The fallout from the demise of cryptocurrency exchange FTX has reached the crypto deposit and lending platform BlockFi, which announced at 1.15am GMT on 11 November that it was suspending client withdrawals.
BlockFi said it was stopping clients from redeeming because of the continuing lack of clarity on the status of FTX and Alameda, the proprietary trading firm set up by FTX founder Sam Bankman-Fried and to which FTX has allegedly lent up to $10bn in client assets.
“We are shocked and dismayed by the news regarding FTX and Alameda,” BlockFi said.
FTX had agreed to buy BlockFi earlier this year, as well as extending the lending platform up to $400m in credit, after BlockFi ran into trouble following the cryptocurrency market’s decline.
At the time, FTX boss Bankman-Fried was likened by several publications to JP Morgan for his willingness to bail out failing cryptocurrency businesses.
However, cryptocurrency lending and deposit platforms had also faced increasing pressure from regulators concerned about their ability to back promises to clients.

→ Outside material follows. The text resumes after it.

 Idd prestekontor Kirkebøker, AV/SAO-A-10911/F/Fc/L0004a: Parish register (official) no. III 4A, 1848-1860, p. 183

BlockFi grew significantly during the 2020/21 cryptocurrency mania by promising near-double-digit interest rates on client deposits of bitcoin, ethereum, tether and other digital assets.
As at the end of Q2 2022, BlockFi had around $4bn in assets, a significant fall from a peak of $14.7bn in March 2021.
In February, the Securities and Exchange Commission (SEC) fined BlockFi $50m for what it said were materially false and misleading statements on BlockFi’s website about the risks facing clients.
According to the SEC, BlockFi had failed to register the offers and sales of its retail crypto lending product, the firm made loans of cryptocurrency to institutional investors without ensuring adequate backing, while at the same time misrepresenting the risks to retail investors.
“From the time of BlockFi’s launch of its interest account on March 4, 2019 and continuing to August 31, 2021, BlockFi made a statement in multiple website posts that its institutional loans were ‘typically’ over-collateralized, when in fact, most institutional loans were not,” the SEC said.
BlockFi’s demise comes four months after another crypto lender, Celsius, declared bankruptcy, leaving depositors on the platform as unsecured creditors, likely to receive little or none of their money back.